The provision of sensors in integrated circuits of this kind allows devices to be produced that have a small form factor, and which can be manufactured cheaply in large numbers using established semiconductor processing techniques.
Due to their small form factor, integrated circuits of this kind can easily be included in Radio Frequency Identification (RFID) tags, allowing for easy programming and readout.
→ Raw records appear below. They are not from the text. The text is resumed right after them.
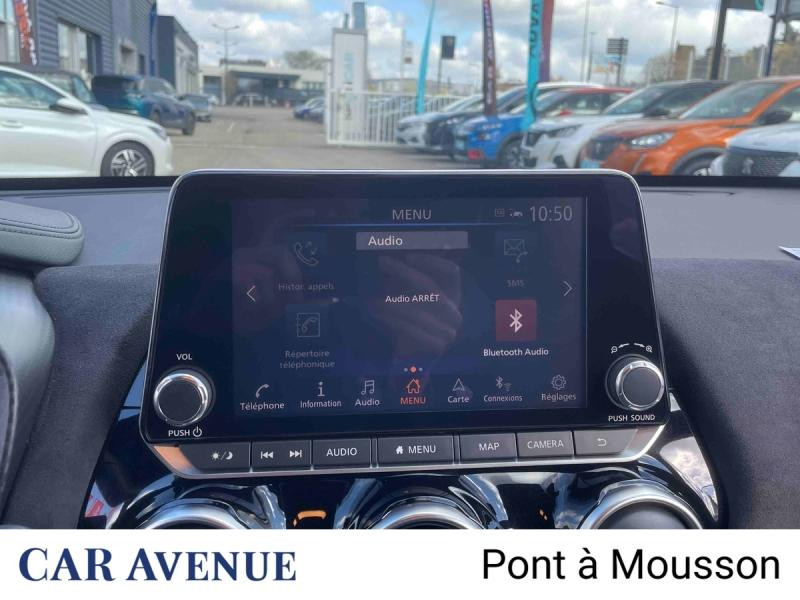 Occasion NISSAN Juke 1.0 DIG-T 114ch N-Design 2021 2021 Noir 16900 € à Pont-à-Mousson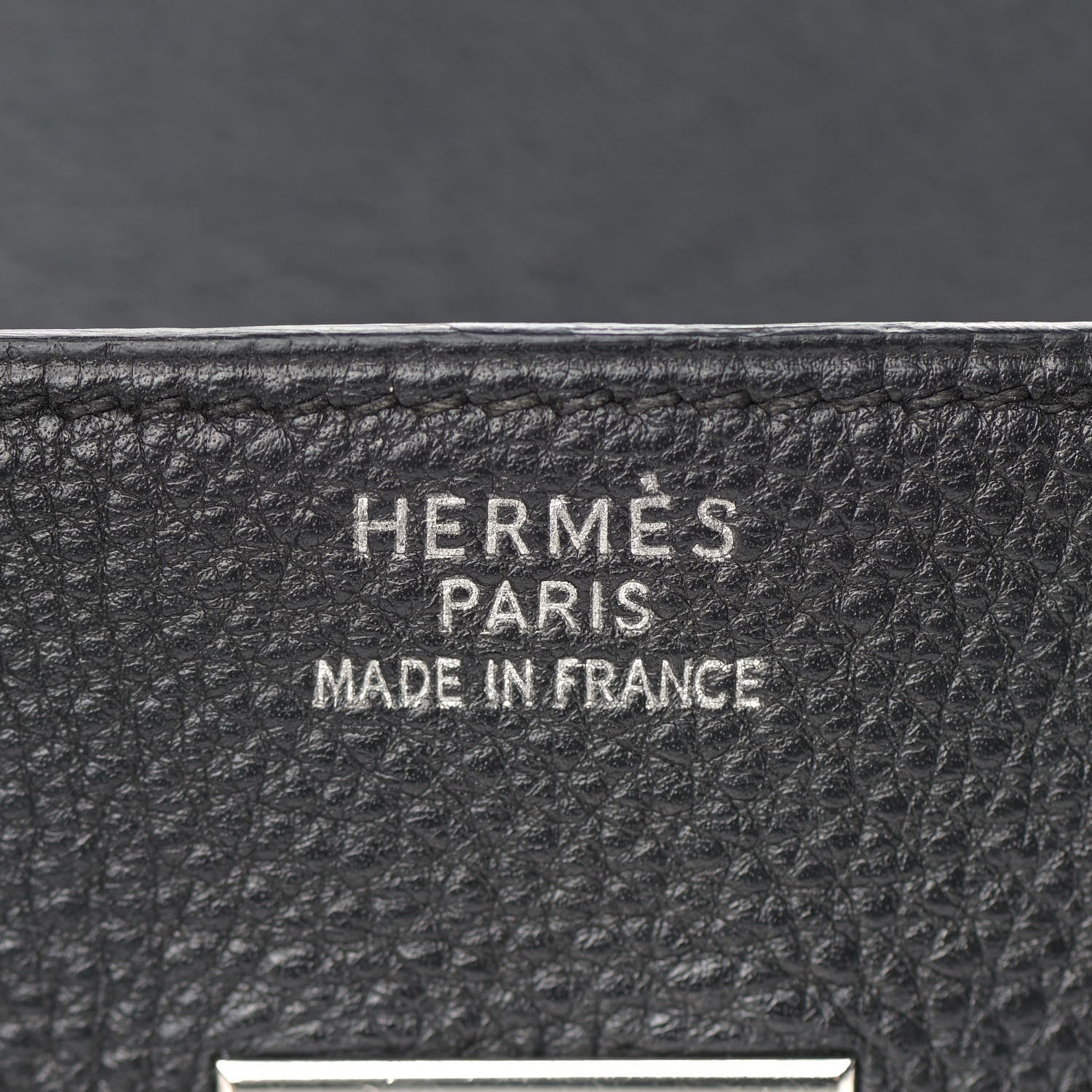 Hermes Togo Birkin 35 Black 19 of 40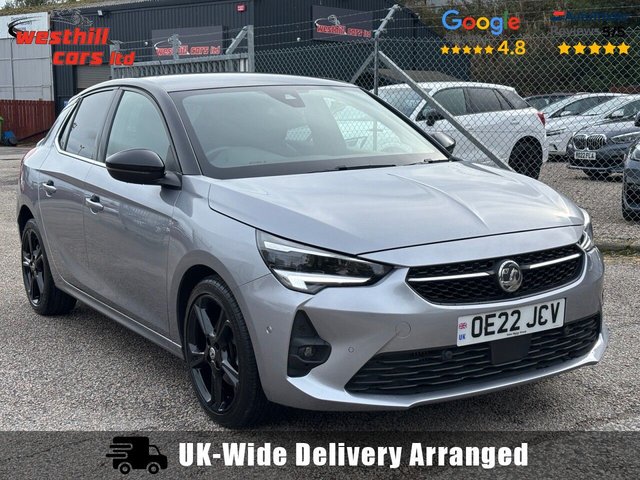 2022 VAUXHALL CORSA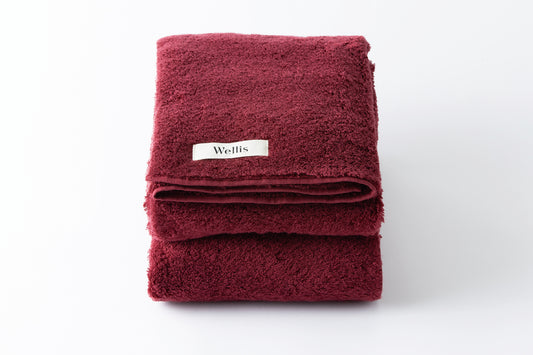 Wellis Sustainable cotton Bath towel
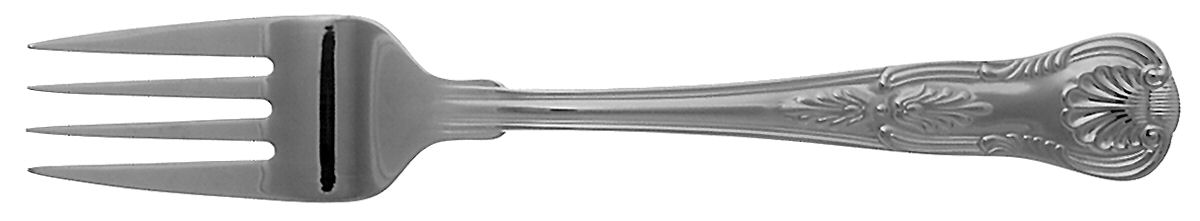 Kings (Stainless, 18-10, Select, China) Individual Salad Fork by Reed & Barton-1
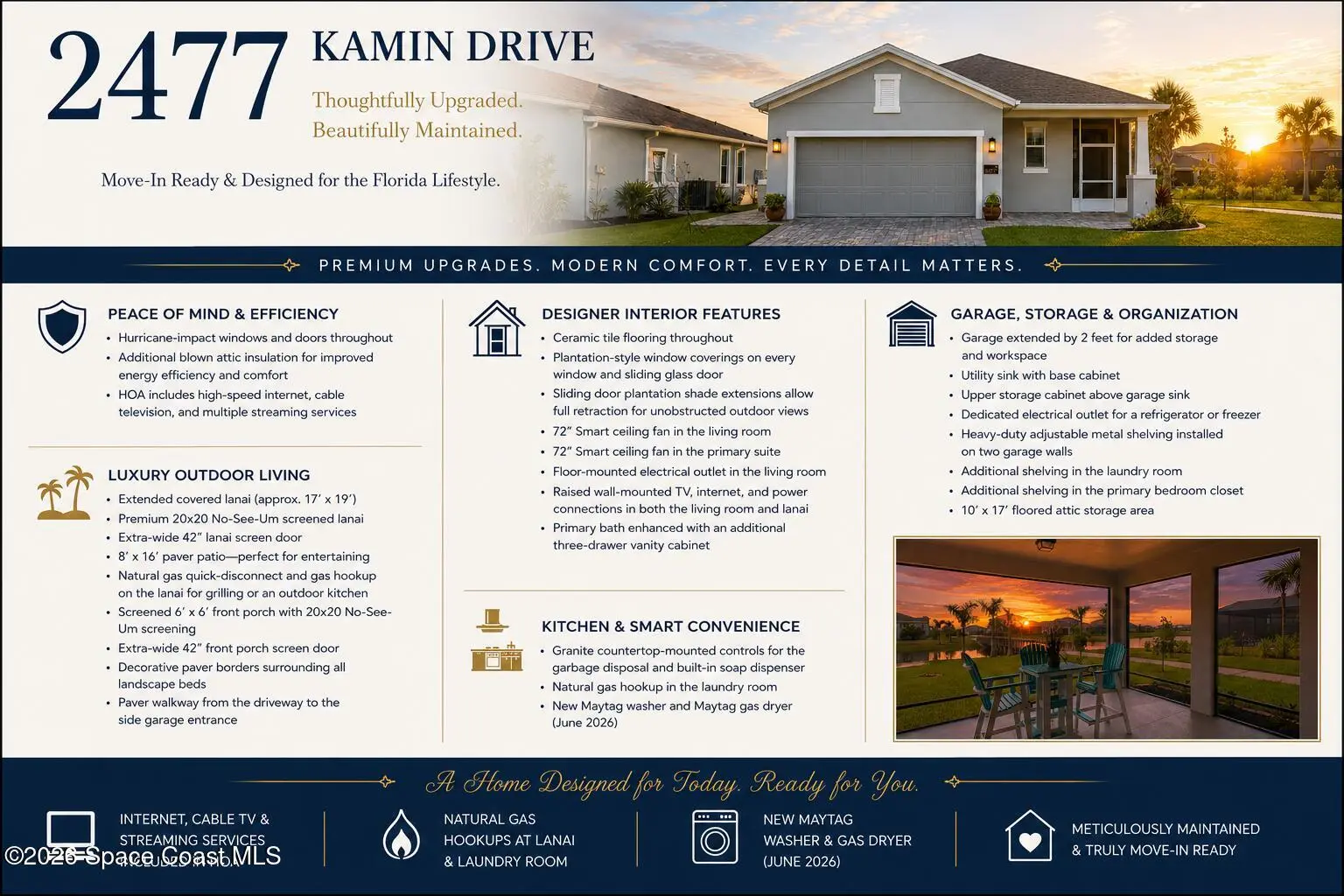 2477 Kamin Drive, Melbourne, Fl 32940, FL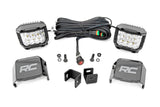 LED Light Kit | Ditch Mount | 3" OSRAM | Wide | Toyota Tundra 2WD/4WD (22-26)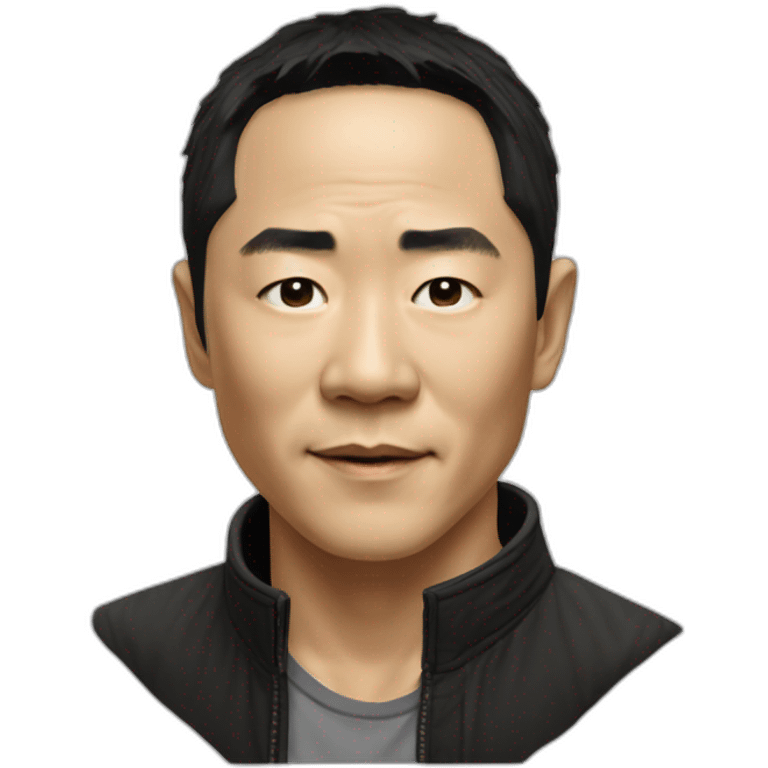 Jet Li Realism  emoji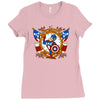 roger america Ladies Fitted T-Shirt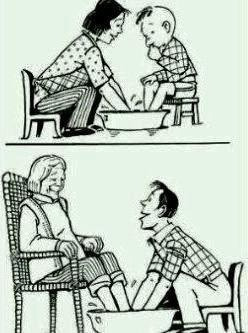 "Ngày bố mẹ già đi, con hãy cố gắng kiên nhẫn và hiểu cho bố mẹ." . "Ngày bố mẹ già đi, con hãy cố gắng kiên nhẫn và hiểu cho bố mẹ." .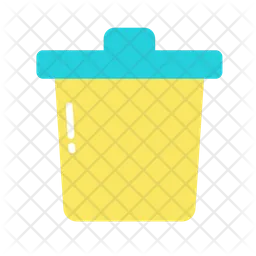 Trash bin  Icon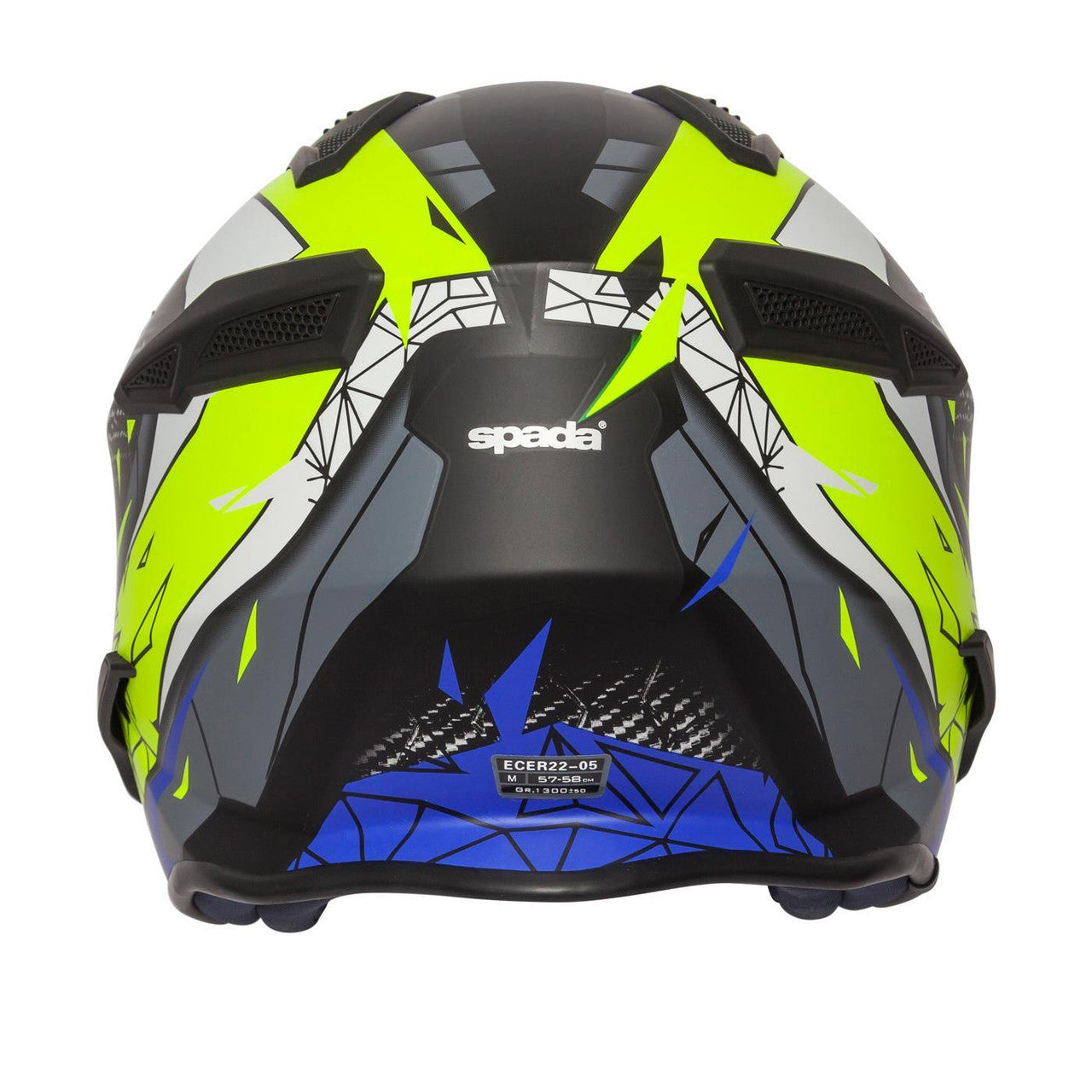 Spada Storm Open Face Motorcycle Helmet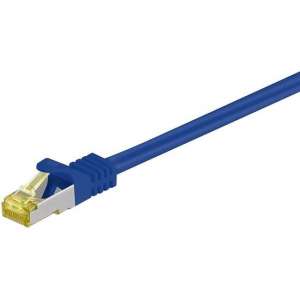 Wentronic 91619 - Cat 6 STP-kabel - RJ45 - 5 m - Blauw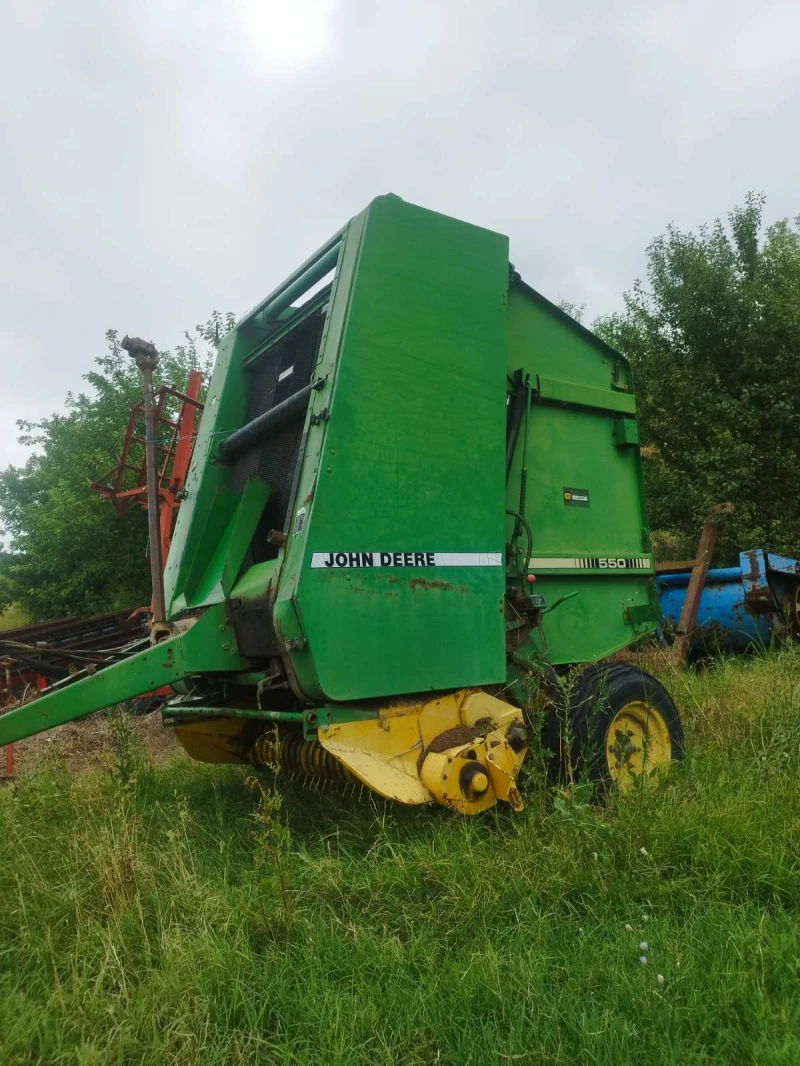 Балировачка John Deere, снимка 2 - Селскостопанска техника - 51829858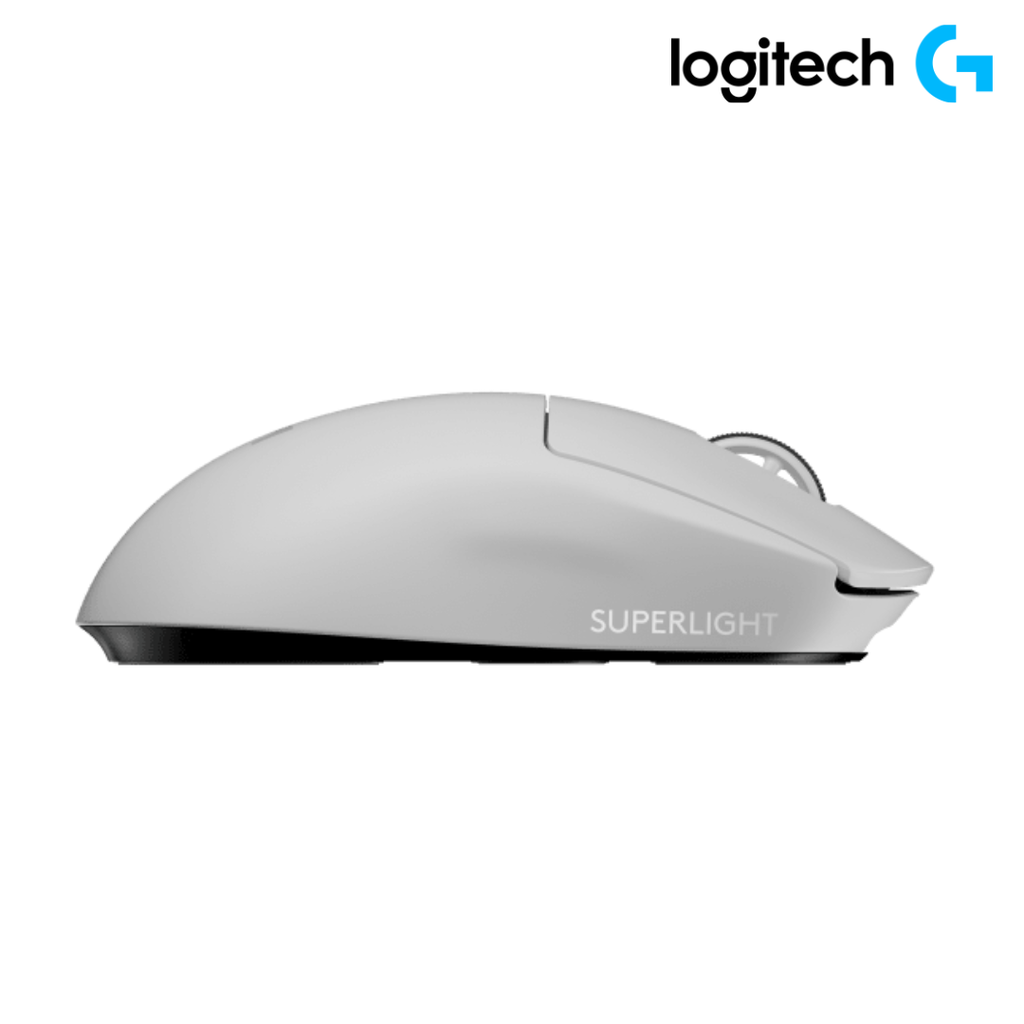 Logitech G PRO X HERO Mouse Superlight Wireless 25000 DPI Blanco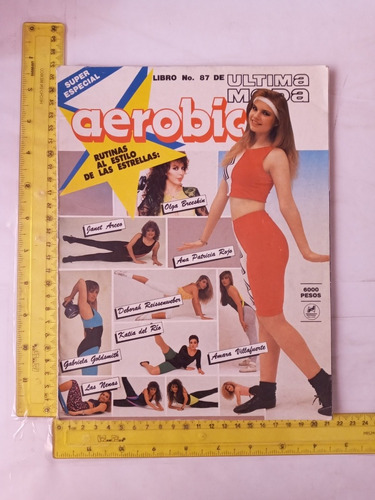 Revista Aerobic No 87 Julio 1990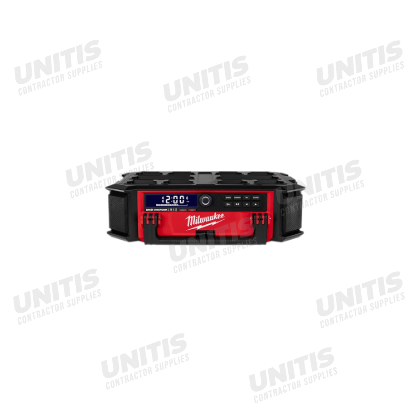 Milwaukee M18 Jobsite Radio + Charger with PACKOUT Compatibility (Tool Only)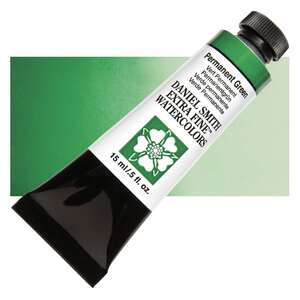 Daniel Smith Extra Fine Tüp Suluboya 15 Ml Seri 1 Permanent Green - 1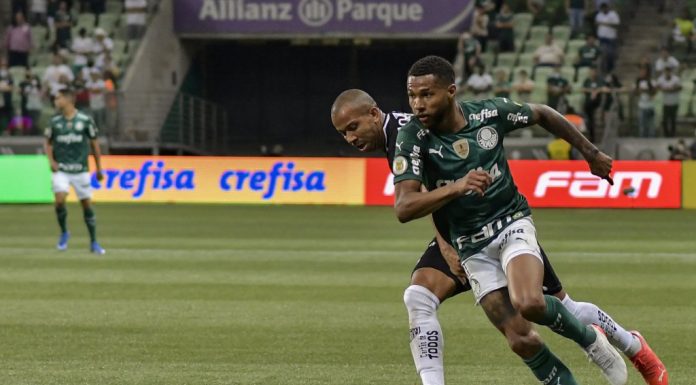 Em jogo movimentado, Palmeiras e Atlético-MG empatam no Allianz Parque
There is a constant desire to diversify the sensor functionality integrated into an IC to add further functionality to a device utilizing the IC. For instance, WO 2009/087531 by the present applicant discloses an IC having a light sensor that can detect both the intensity and direction of incident light, e.g. to compensate the output of a display device for ambient lighting conditions to improve the user experience of the display device. To this end, the light sensor comprises a dielectric layer, wherein the dielectric layer is substantially transparent to the incident light as well as a plurality of photo detectors coupled relative to the dielectric layer for detecting the incident light through the dielectric layer. A plurality of stacks of opaque slats embedded within the dielectric layer approximately parallel to an interface between the dielectric layer and the photo detectors are also present to define tapered light apertures between adjacent stacks of opaque slats.
Such a light sensor requires a relatively complex arrangement of tapered stacks of slats to make the light sensor directionally sensitive. There exists a need to simplify the design of such a light sensor.